In 1962, a classic social psychology experiment was completed by Schachter and Singer. In the study, the researchers injected participants with a drug. The drug was known to increase physiological arousal. Physiological arousal includes increased heart rate, blood pressure, and energy. Only half of the participants were told about the drug’s effects in advance. The participants were then divided into two groups. The first group of participants was placed in a waiting room with non-study individuals who acted happy. The second group of participants was placed in a waiting room with non-study individuals who acted annoyed. Interestingly, those participants who were not told about the drug’s effects beforehand responded to the drug in the same manner as the non-study individuals with whom they shared a waiting room. Participants waiting with happy people became happy, while participants waiting with annoyed people became annoyed (Schachter & Singer, 1962).

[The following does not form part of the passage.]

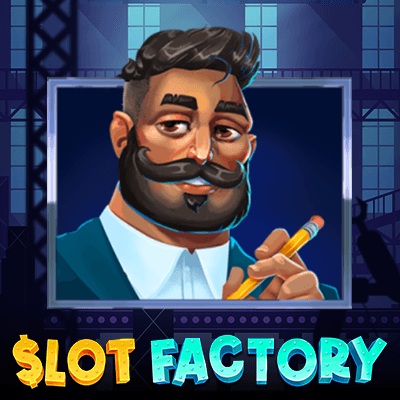 Slot Factory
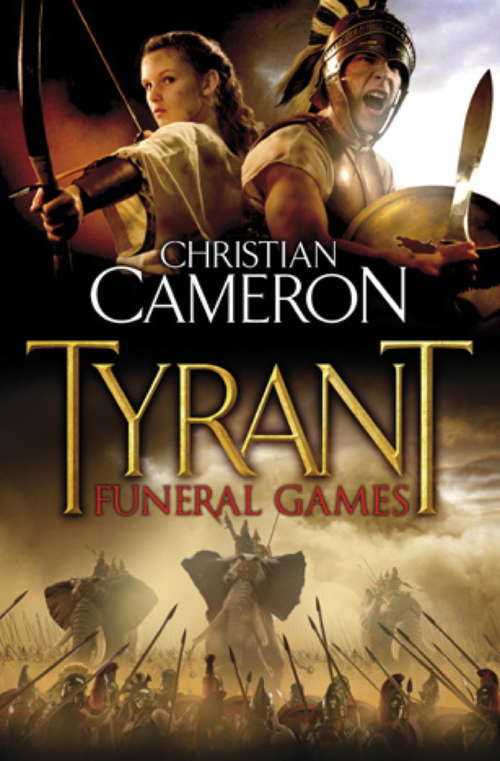 Book cover of Tyrant: Funeral Games (Tyrant Ser. #3)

The Schachter and Singer study is believed to support Daryl J. Bem’s Self-Perception Theory. Bem’s theory suggests that when a person is experiencing vague or unknown internal stimuli (such as the increased heart rate and blood pressure mentioned in the study above), that person will then look outside him- or herself to clues within the environment. These external clues are then used to make an interpretation about how the person should feel or behave (Bem, 1972).
Describe a situation from your own life or a situation you observed in which you or others responded primarily because of the behaviors, attitudes, or feelings of those around you (please describe the situation in detail).
In your own words, define the theory by Schachter and Singer and explain how it applies to your situation. Describe the internal stimuli that you were experiencing and signals that you picked up on from the other people within your environment.
In your own words, define Bem’s theory and provide an example. Discuss how Bem’s theory is different from Schacter and Singer’s theory?